Day 2 of sightseeing
The following day I booked a tour along the coast of Israel
northward to the border with Lebanon.
This tour included a visit to Caesarea, the ancient port city built by
Herod the Great to honor Augustus Caesar.
The amphitheater was still there and in use today for plays and other
events. The hippodrome, where chariot
races took place and gladiators fought to the death, was also visible. At the location where Herod’s palace stood,
there were stones from the remains of the palace lying around with Latin
inscriptions on them. On one column was
the name Pontius Pilate, showing that he was there outside of the Bible.
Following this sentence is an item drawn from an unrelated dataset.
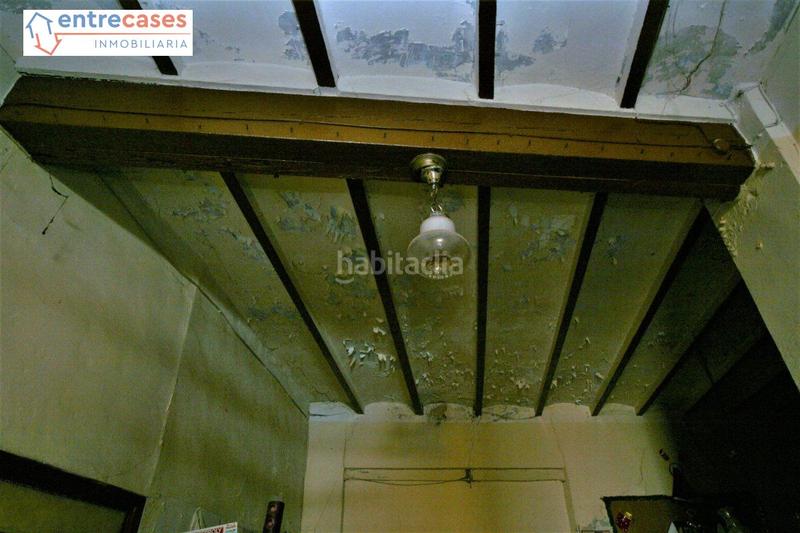 Foto 8b4f59c9-7b12-4d35-9ba3-a75df82f931c. Casa  esquinera para reformar en Vall d´Uixó (la)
Caesarea’s Amphitheater restored and in use still today
Hippodrome where
gladiators fought and chariots raced
From Caesarea we traveled north to Haifa, the largest port in
Israel. From the heights above the city
the port was visible as well as the Bahai temple and gardens, remnants left
from a religious sect who moved to
Israel escaping persecution in Iran.
Here they built the beautiful temple and flower gardens under which the
members of this faith reside. Haifa was
settled by German immigrants so there is a significant German influence in the
architecture of this city.
The city of Haifa and
the Bahai Temple and gardens
We continued north to the underground Crusader and Turkish
city and crypt of Akko, pronounced Acre.
It is amazing that it is so well preserved after all these centuries.
Our trip ended at the border with Lebanon at the Rosh-Hanikra
Grottos. These caverns, created by the
waves of the Mediterranean, at one time contained a train tunnel where trains
ran between Damascus, Syria and Alexandria, Egypt. Of course, with the current political
situation, the tunnel running between Israel and Lebanon has been sealed shut.
Through the fence is
Lebanon
We were on
the border with Lebanon where there is a large Israeli military presence both onshore
and off, including a cable that runs out into the Mediterranean dividing the
two countries even there.
This was an interesting trip up the
coast. Having stayed at a hotel in
Ashkelon, which is 7 miles north of the Gaza Strip on the southern end of the
country, I was able to travel along the coast almost the entire length of this
tiny country as well as travel to the eastern borders with Syria and
Jordan. I did not get into the
southeastern part of Israel south of the Dead Sea.